Día uno después de las elecciones
DE NUESTROS ABUELOS es la sabia observación: “No por
mucho madrugar, amanece más temprano”. El contrapunto, invocando el mito
grecolatino de Saturno-Cronos,
permite a los clásicos advertir que “el tiempo no perdona”.
Enrique Peña Nieto, conciliador
CON UNA HERENCIA CALDERONIANA de barbarie, subyace en México
el peligro de ingobernabilidad, cuyos ominosos signos se expresan, en el llano,
en el creciente malestar social y, para los grupos dominantes, en una palpable
atonía económica, rayana en la recesión, que algunos especialistas en la
materia ven ya como regresión.
Con independencia de la semántica, lo cierto es que ha
transcurrido el diez por ciento del tiempo sexenal que le corresponde a Enrique
Peña Nieto.
El joven mandatario, desde el arranque de su mandato puso
una pica en Flandes, cuando cristalizó una vía de consenso político al
lograr la suscripción del Pacto por México que, sin embargo, adolece de dos
limitantes:
a) la
restringida participación social e institucional, acaparada por la
partidocracia, que sólo representa relativamente a los segmentos ciudadanos
votantes, y
b) la
recurrente amenaza de los dos partidos opositores participantes en el acuerdo
-PAN y PRD- de retirarse del mecanismo de negociación después de conocer los
resultados de las elecciones en 14 estados de la República.

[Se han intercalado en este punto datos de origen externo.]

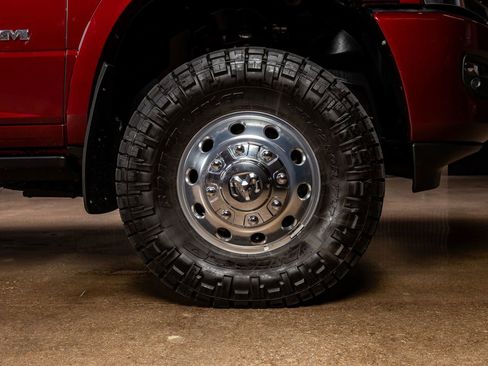 Used 2023 RAM 3500 Limited image 11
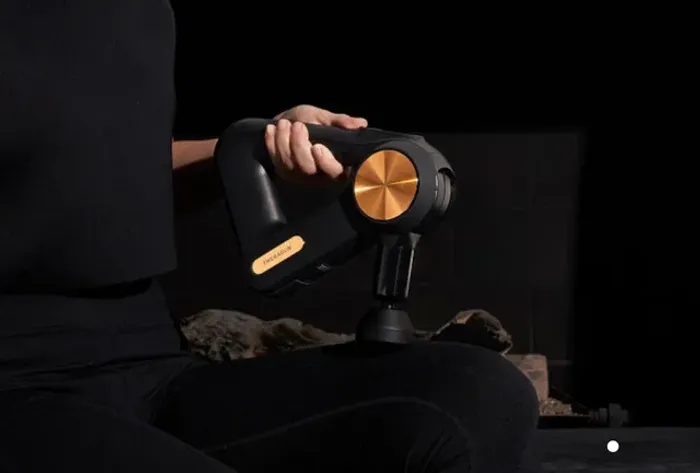 Pistola de massagem Theragun 24K Gold PRO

El punto está en el segundo apartado. Aunque no les
faltan razones a las delegaciones opositoras ante el Pacto cuando denuncian la
intromisión de agentes de la administración pública en el proceso electoral,
resulta más que evidente que han esgrimido ese argumento para ejercer una
especie de chantaje en busca de refrendar algunas ya viejas concertacesiones, como la gobernación de
Baja California, desde hace 24 años en manos del PAN.
En ese sentido, a las intransigentes oposiciones
partidarias no les ha parecido suficiente el compromiso previo al 7 de julio,
refrendado por el propio Presidente, al emplazar al personal de su gobierno: ¡Fuera
manos de las elecciones!
El que se inició el 8 de julio es un periodo de prueba -de fuego, han dicho los perredistas-
para la civilidad democrática.
No sólo: Al margen de las condiciones presupuestales que
el gobierno entrante resiente en cada transición administrativa -habida cuenta
que los presupuestos anuales en esas circunstancias las determina con alto
grado de arbitrariedad el gobierno saliente-, el régimen electoral, aun cuando
se trate de comicios estatales, impone amarras a las políticas públicas,
particularmente al destino del erario público hacia los programas sociales.
La válvula de escape a la contracción económica radica en
la liberación de lo que se ha dado en llamar reformas estructurales.
Esa es una apuesta objetivamente incierta, porque las
reformas que el sector empresarial -especialmente el extranjero- considera
prioritarias, son las de carácter económico (reforma hacendaria, ya sobre
rieles la bancario-financiera), y particularmente las que involucran el sector
energético, con especial énfasis el petróleo que, en la contraparte, incita resistencias.
El tema petrolero es de suyo complejo, porque implica la
ecuación costo-beneficio. El Estado debe de ponderar los eventuales beneficios
de la privatización, contra los costos fiscales que tendrá que pagar el
gobierno, que dispone de finanzas altamente petrolizadas con la monstruosa
carga impositiva a Pemex.
A ese efecto, el peñismo,
que es objeto de acusada presión hasta
de algunos legisladores de su propio partido, está obligado a actuar en defensa
propia; legítima, le llama la técnica jurídica. Para hacerlo, tiene que
imaginar un nuevo diseño del Pacto, o sustituir éste si fuera necesario, para
ampliar el diálogo y la negociación con aquellos sectores excluidos en la
construcción original, indispensables para un consenso más universal.
Obviamente, no es esa solución un grano de anís. Pero
como diría el viejo: Si fuera fácil,
cualquiera lo haría. El asunto es cuestión para el estadista sagaz.